新・日曜炭焼き人の日記

炭遊舎のホームページで書いていた「日曜炭焼き人の日記」を引きついで書いていきます。

意図不明な駅弁動画

2018年08月25日 | 日記

 IT時代らしい雰囲気をまざまざと感じたひとときだった。
 新横浜から新幹線に乗った。指定席は2人席の通路側だった。窓側では30代ぐらいの男性がタブレットを使って一心に仕事している。左隣の3人席では会社の同僚らしい若い3人組が親しく会話しながらタブレットやらスマホやらを操作している。開いているタブレットの画面からして、IT関係の会社に勤める仲間たちとみえる。新幹線の座席には電気プラグがついているし、東京、新大阪間はWifiが無料で使える。
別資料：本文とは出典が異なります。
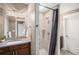 Beautiful bathroom featuring a tiled stand-up shower, sleek fixtures, and a stylish vanity at 10145 Deerfield St, Firestone, CO 80504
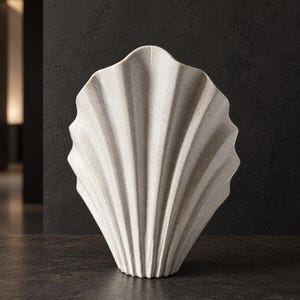 May include: A light gray, fan-shaped vase with a textured, matte finish. The object features a series of vertical, radiating ridges that mimic the appearance of a large seashell, tapering down to a narrow, flat base for stability.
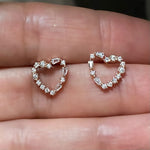 Heart shaped stud with princess cut stones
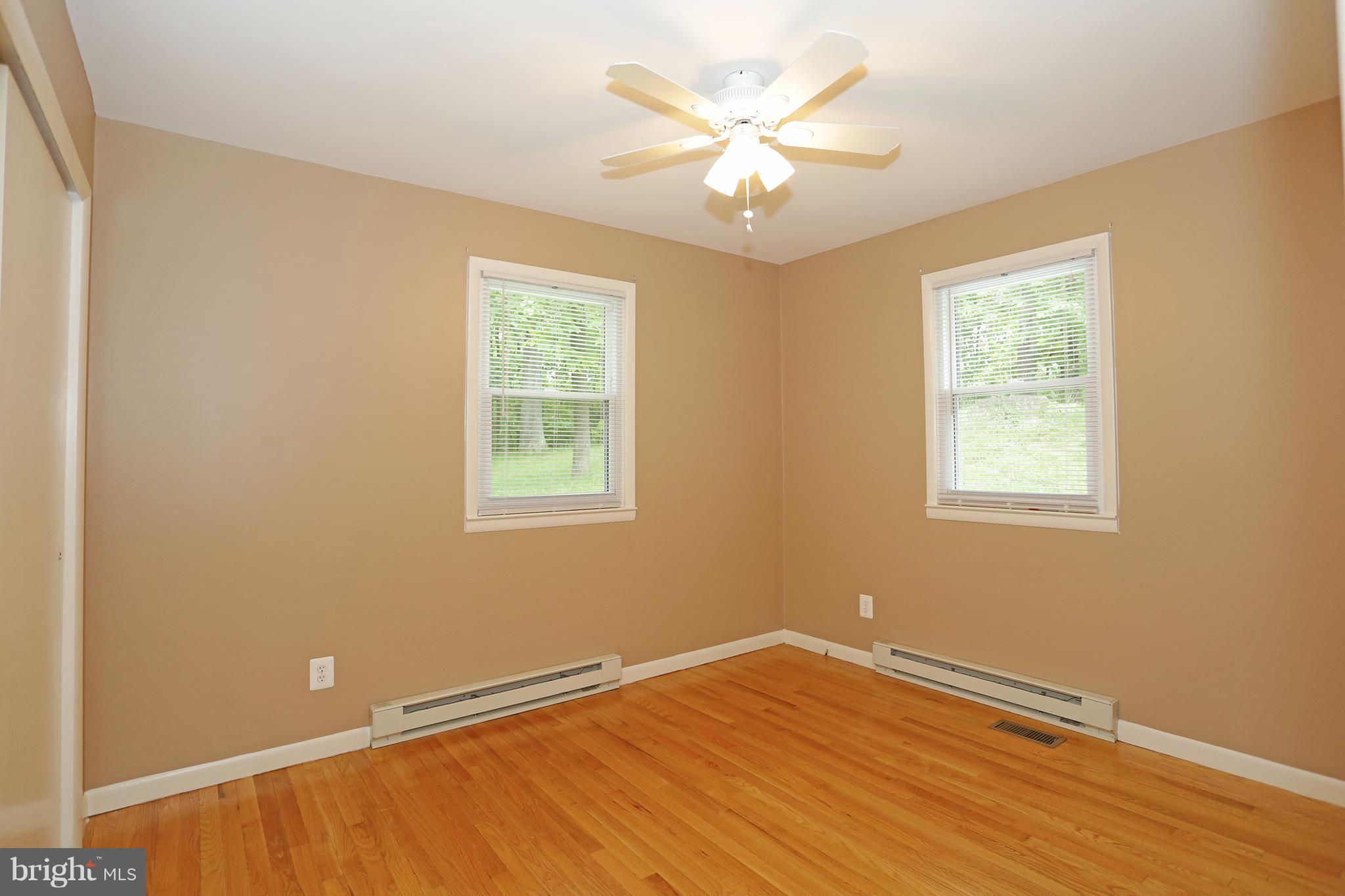 1213 Watervale Road Fallston, MD 21047 - Photo 18 of 30 an empty room with wooden floor and windows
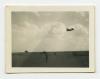 Aircraft flying over parked ambulances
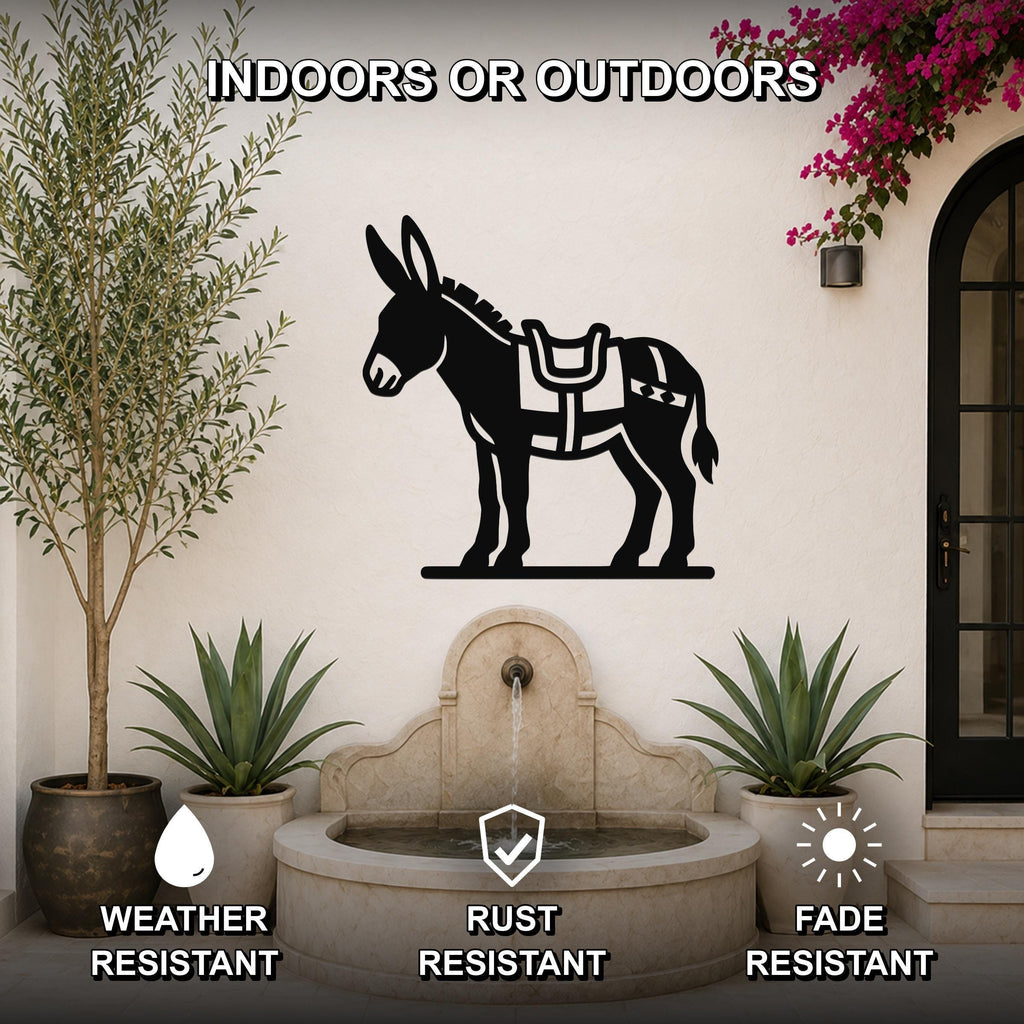 Black metal burro wall art with saddle cutout, mounted on an outdoor patio wall above a stone fountain.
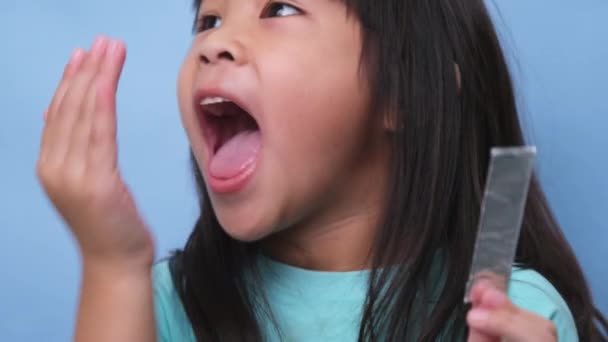 口元を覆うアジア系の少女が口臭を嗅ぐ 子供の女の子は手で息を確認します 口腔衛生の問題または歯科医療の概念 — ストック動画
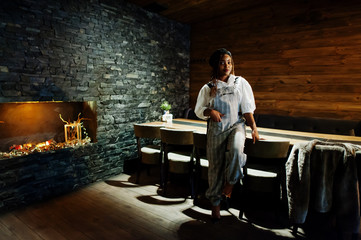 African american woman in overalls and beret in room with wooden table and fireplace.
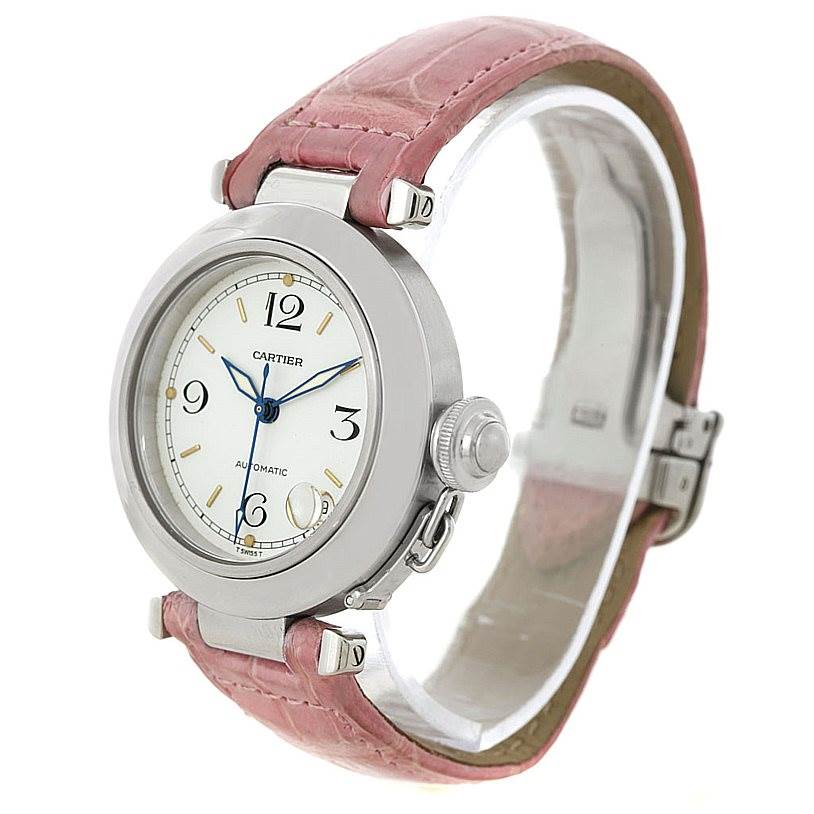 The Cartier Pasha W31015M7 Women's Stainless Steel White Dial W31015M7 Women's Stainless Steel White Dial watch is shown at a right angle, displaying its face, crown, and leather strap.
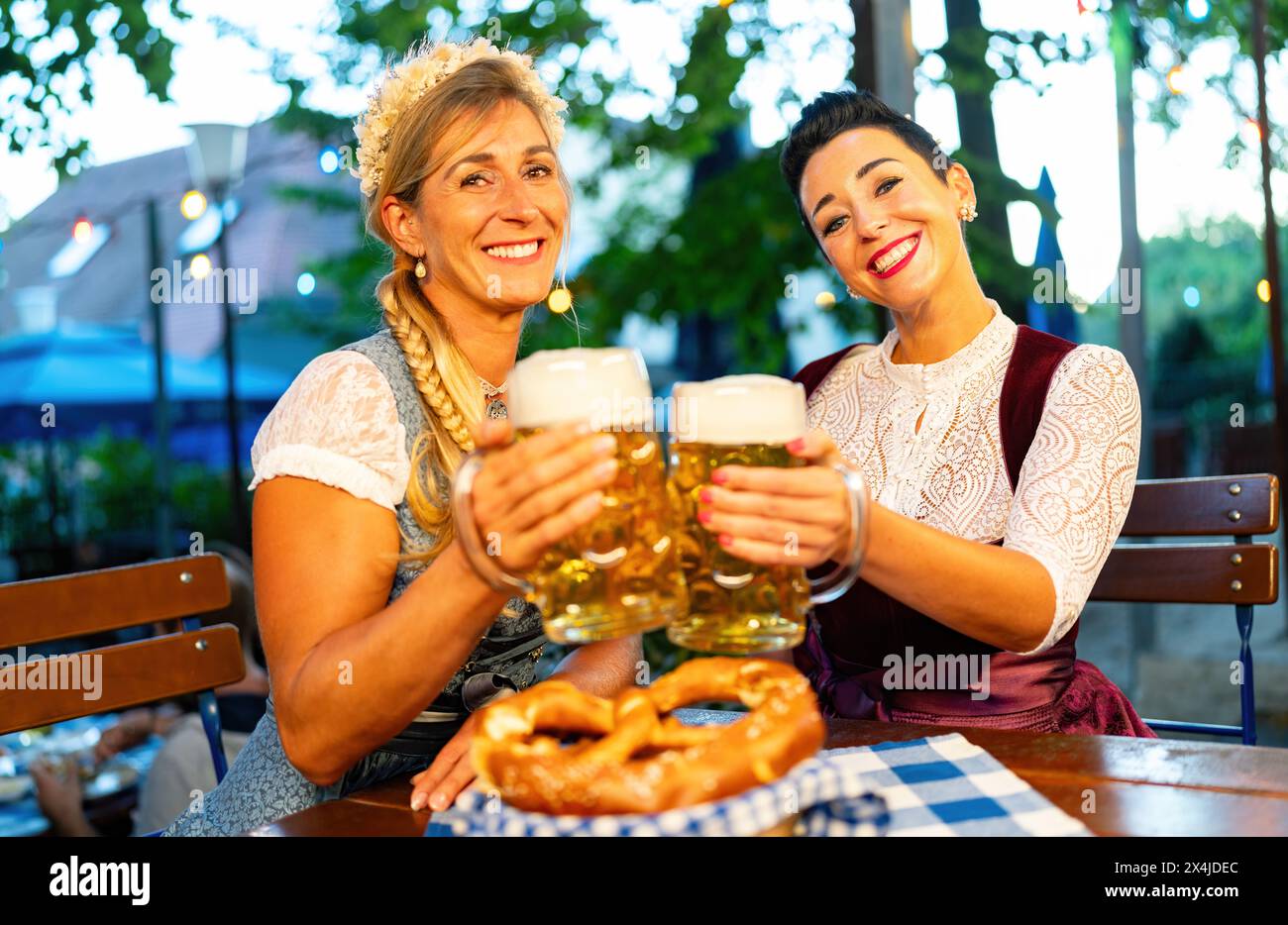 Bayerische Freunde in Tracht oder Dirndl, das bei Bier im Biergarten oder oktoberfest in Bayern tobt Stockfoto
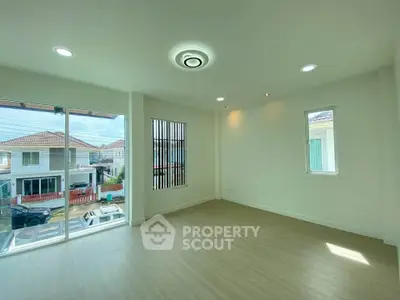 Bright and spacious room with large windows and modern lighting in a suburban home.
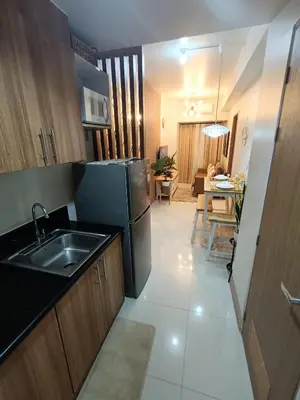 a kitchen with a sink and a refrigerator at CLMN Staycation Metro Manila in Manila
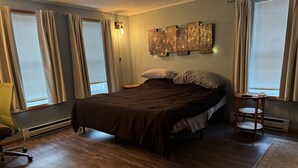 Un dormitorio con una cama, una silla, una mesita de noche y una lámpara de pared.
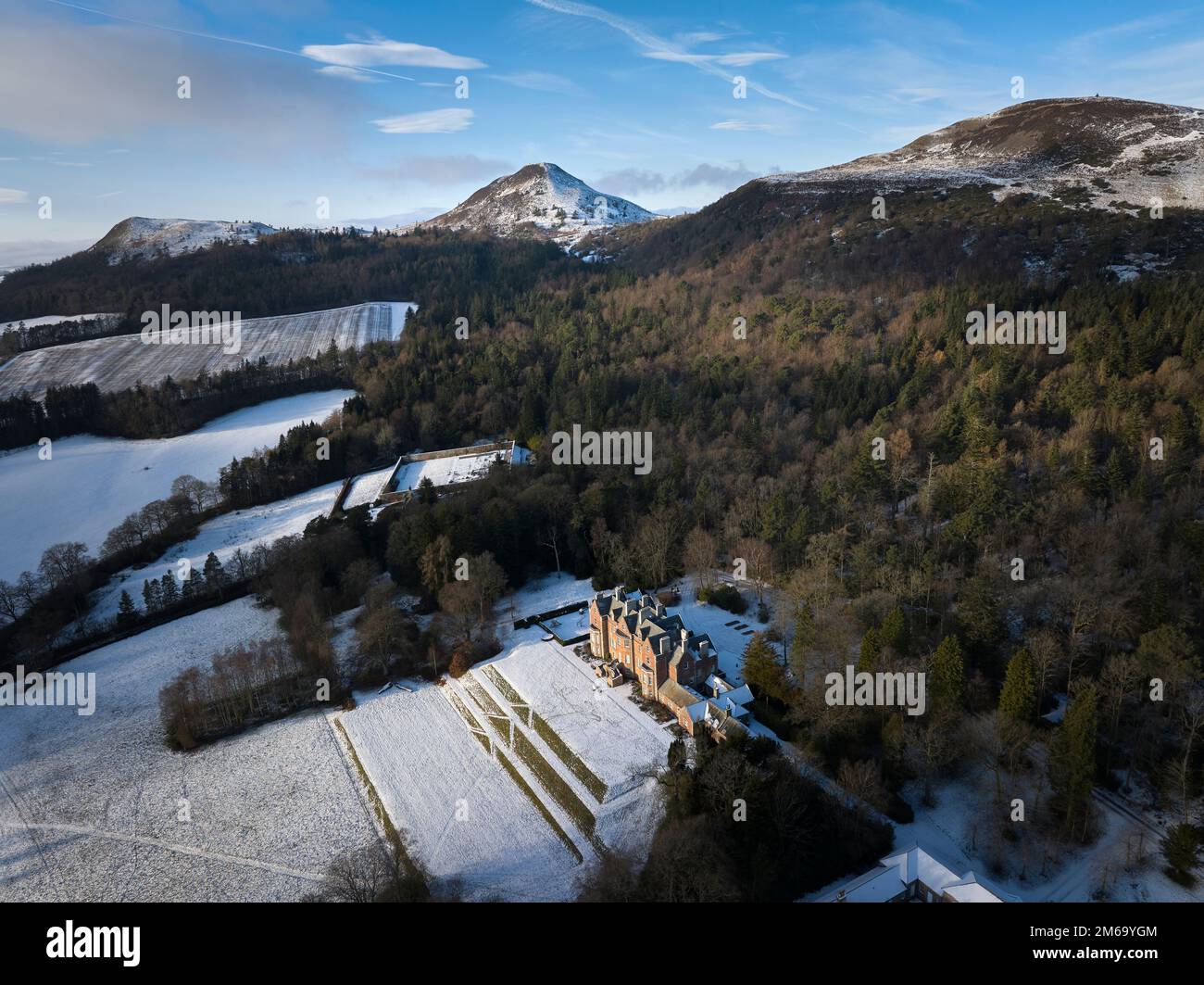 Aerial view of Eildon Hall residence of the Earl of Dalkeith nestling on the south side of The Eildon Hills on a crisp December day. Stock Photo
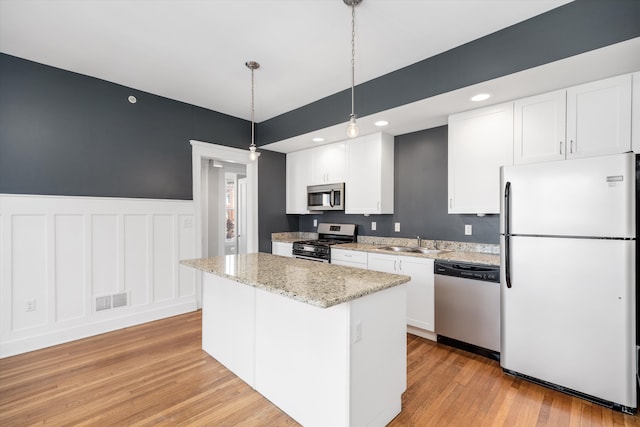 kitchen with visible vents, appliances with stainless steel finishes, light wood-style flooring, a sink, and white cabinetry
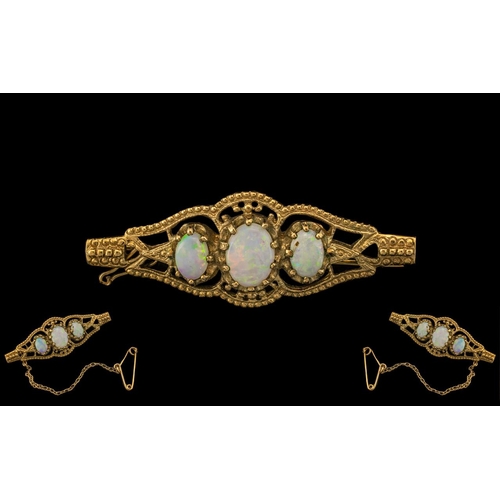 198 - Ladies 9ct Gold 3 Stone Opal Set Ornate Brooch, with attached safety chain, with full hallmark for 9... 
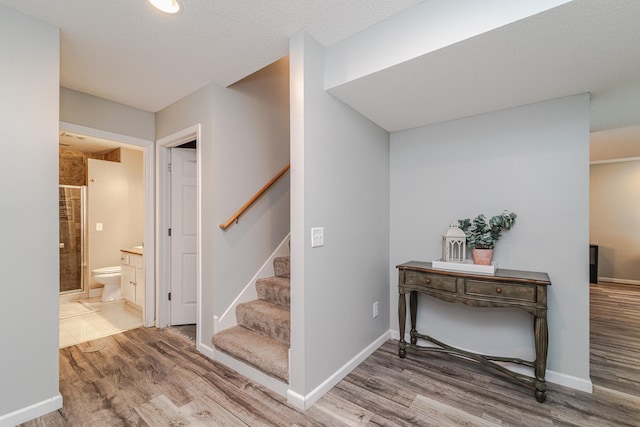 stairway featuring wood finished floors and baseboards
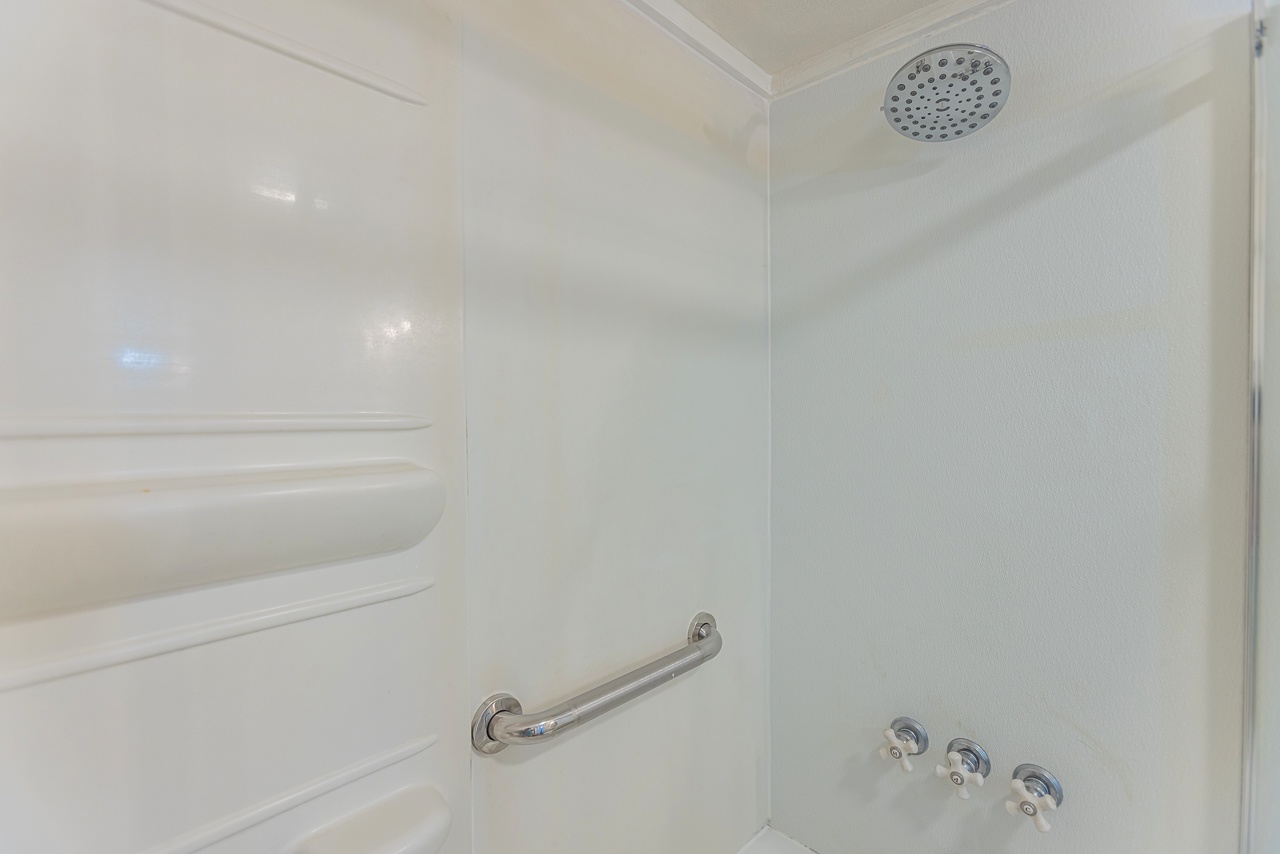 Modern shower with grab bar designed for safety and ease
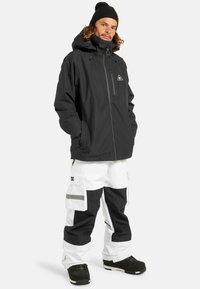 Czarna wodoodporna kurtka z wysokim kołnierzem i kieszenią na zamek z przodu, zestawiona z białymi i czarnymi spodniami cargo z dużymi kieszeniami i paskami.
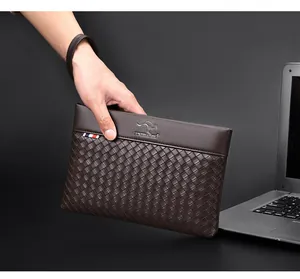 Detail of dark brown woven texture and kangaroo logo on men's leather clutch bag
これを利用しない手はないとばかりに社用族たちは電車のなかでも仕事する。
 3人組が気になって、ちらちら横目で観察していた。真ん中に女性が、両脇に男性が座り、女性を中心に会話が進んでいるようだ。3人とも駅弁を座席前のテーブルにおいている。窓側の男性がまず駅弁を広げて食べおえた。3人同時に駅弁を食べないところがまず不思議だ。時間が10時と昼食には早いせいか。やがて女性が駅弁を広げた。何かぶつぶついいながら食べ始める。それを窓側の男性がスマホで撮影している。ははあ、動画を撮ってインスタグラムにでも投稿するのか。女性を撮るというより、駅弁を撮っている。女性のぶつぶつは駅弁の説明らしい。男性の駅弁よりは高級そうだ。それでもわざわざネット上にアップして他人に見せるほどのものなのか。動画をネット上に投稿する光景は私にはめずらしいので、ますます見入ってしまった。
 それにしてもいったい何のために駅弁を食べる動画を他人に見せる必要があるのか。意図がいまいち分からない。意図不明なネット投稿が増えていることはたしかだ。
 ただよく考えてみると、現代は記録の時代といってもよいほど大量の記録がネット上に残されている。これはあながち悪いことではない。いまから500年、1000年が経過し、2018年の生活のようすを再現しようとするとき、とてもだいじな資料になるはずだ。あの忌まわしいリベンジポルノまでもが時代を知るための貴重な資料として扱われるだろう。ネット上の記録はどれくらい長く保存されるのか。いまネット上にある情報のなかのどれくらいの量が後世まで保存されていくのか、を知りたい。